# Unsloth Puzzles: All Challenges

This notebook contains implementations and benchmarks for Challenges A, B, and C.

In [None]:
!pip install torch>=2.4 transformers peft trl accelerate bitsandbytes unsloth -U --quiet

## Challenge A: NF4 Triton Kernel

In [None]:
import torch
import triton
import triton.language as tl
import time
from unsloth.kernels import fast_dequantize
from bitsandbytes.nn import LinearNF4

@triton.jit
def _your_dequantize_nf4_kernel(
    weight_ptr,
    absmax_ptr,
    code_ptr,
    out_ptr,
    n_elements,
    BLOCK_SIZE: tl.constexpr,
):
    pid = tl.program_id(0)
    block_start = pid * BLOCK_SIZE
    
    byte_offsets = (block_start // 2) + tl.arange(0, BLOCK_SIZE // 2)
    mask = byte_offsets < (n_elements // 2)
    
    packed_weights = tl.load(weight_ptr + byte_offsets, mask=mask)
    
    low_nibble = (packed_weights & 0xF).to(tl.int32)
    high_nibble = (packed_weights >> 4).to(tl.int32)
    
    # Note: Use tl.load from ptr for indexing
    val_low = tl.load(code_ptr + low_nibble)
    val_high = tl.load(code_ptr + high_nibble)
    
    abs_low = tl.load(absmax_ptr + (block_start + tl.arange(0, BLOCK_SIZE // 2) * 2) // 64, mask=mask)
    abs_high = tl.load(absmax_ptr + (block_start + tl.arange(0, BLOCK_SIZE // 2) * 2 + 1) // 64, mask=mask)
    
    val_low = val_low * abs_low
    val_high = val_high * abs_high
    
    out_offsets_low = block_start + tl.arange(0, BLOCK_SIZE // 2) * 2
    out_offsets_high = out_offsets_low + 1
    
    tl.store(out_ptr + out_offsets_low, val_low, mask=mask)
    tl.store(out_ptr + out_offsets_high, val_high, mask=mask)

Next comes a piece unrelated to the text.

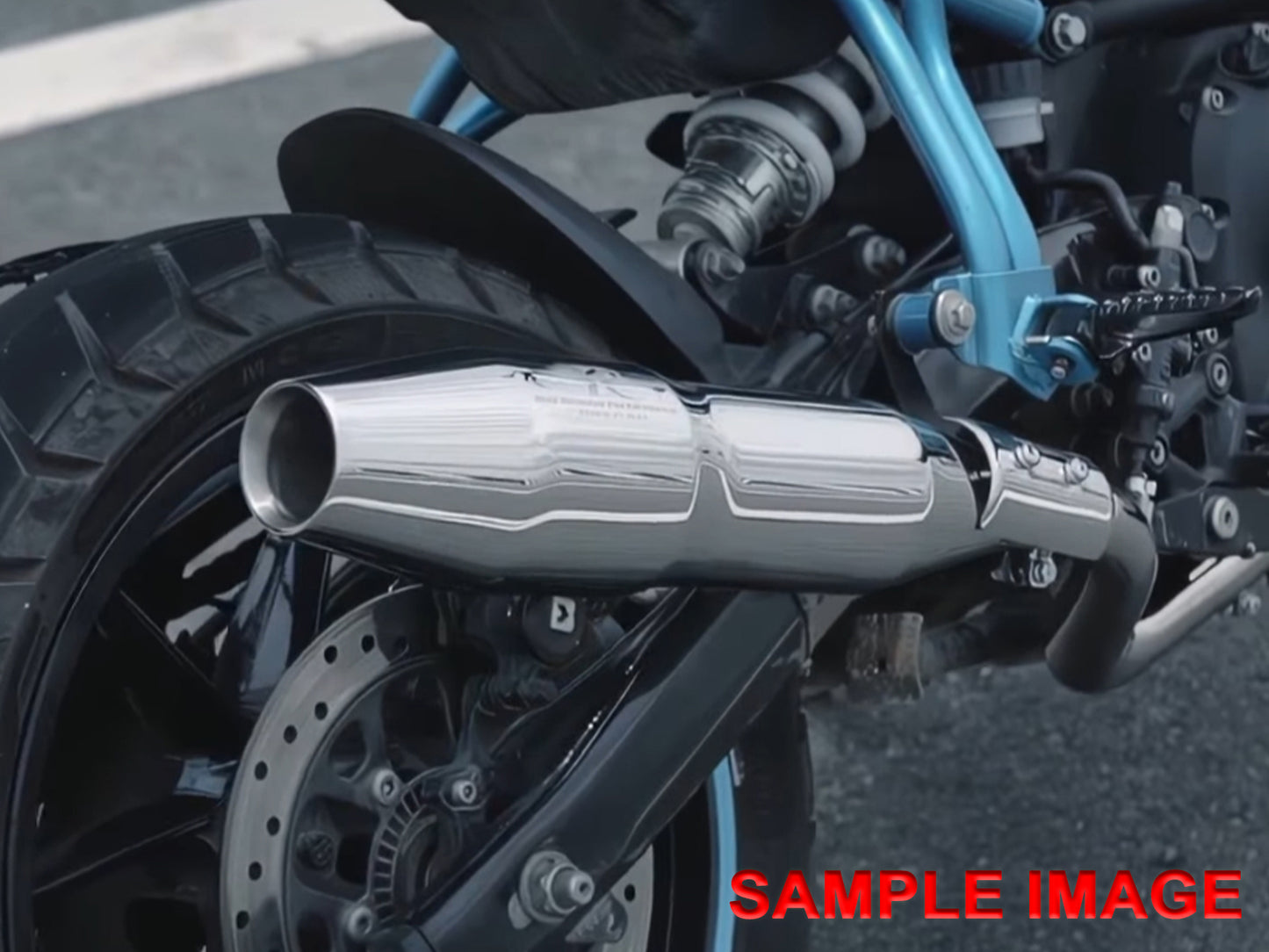 For Royal Enfield Himalayan 450 Orion Red Rooster Exhaust Silencer & Bend Pipe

def your_dequantize_nf4(linear):
    weight = linear.weight.data
    quant_state = linear.weight.quant_state
    n_elements = weight.numel() * 2
    out = torch.empty(quant_state.shape, dtype=quant_state.dtype, device=weight.device)
    BLOCK_SIZE = 1024
    grid = (triton.cdiv(n_elements, BLOCK_SIZE),)
    _your_dequantize_nf4_kernel[grid](
        weight, quant_state.absmax, quant_state.code, out, n_elements, BLOCK_SIZE=BLOCK_SIZE,
    )
    return out

# Correctness & Speed Check
device = "cuda"
shape = (4096, 4096)
linear = LinearNF4(shape[1], shape[0], bias=False).to(device)
out_ref = fast_dequantize(linear.weight.data, linear.weight.quant_state)
out_custom = your_dequantize_nf4(linear)
print(f"A Correctness: {torch.allclose(out_ref, out_custom, atol=1e-5)}")

## Challenge B: FSDP2 + QLoRA

In [None]:
import os
from transformers import AutoModelForCausalLM, BitsAndBytesConfig
from peft import LoraConfig, get_peft_model, prepare_model_for_kbit_training
from trl import SFTTrainer, SFTConfig
from datasets import load_dataset

os.environ["CUDA_VISIBLE_DEVICES"] = "0,1"
model_name = "unsloth/llama-3-8b-bnb-4bit"
bnb_config = BitsAndBytesConfig(load_in_4bit=True, bnb_4bit_quant_type="nf4", bnb_4bit_compute_dtype=torch.bfloat16)

model = AutoModelForCausalLM.from_pretrained(model_name, quantization_config=bnb_config, device_map={ "": 0 }, torch_dtype=torch.bfloat16, attn_implementation="sdpa")
model = prepare_model_for_kbit_training(model)
lora_config = LoraConfig(r=64, lora_alpha=32, target_modules=["q_proj", "v_proj"], task_type="CAUSAL_LM")
model = get_peft_model(model, lora_config)

dataset = load_dataset("philschmid/dolly-15k-llama-3-format", split="train[:100]")
training_args = SFTConfig(
    output_dir="./outputs", per_device_train_batch_size=1, gradient_accumulation_steps=1,
    max_steps=5, bf16=True, dataset_text_field="text", max_seq_length=128,
    fsdp="full_shard auto_wrap",
    fsdp_config={
        "fsdp_transformer_layer_cls_to_wrap": "LlamaDecoderLayer",
        "activation_checkpointing": True, "offload_params": True,
    },
)
trainer = SFTTrainer(model=model, train_dataset=dataset, args=training_args)
trainer.train()
print("B Completed!")

## Challenge C: torch.compile

In [None]:
import torch._dynamo
@torch.compile(fullgraph=False, dynamic=True)
def compiled_forward(model, input_ids, labels):
    return model(input_ids=input_ids, labels=labels).loss

input_ids = torch.randint(0, 32000, (1, 128)).cuda()
print("Checking C graph breaks...")
explanation = torch._dynamo.explain(compiled_forward, model, input_ids, input_ids)
print(f"Graph breaks: {explanation.graph_break_count}")
print("C Completed!")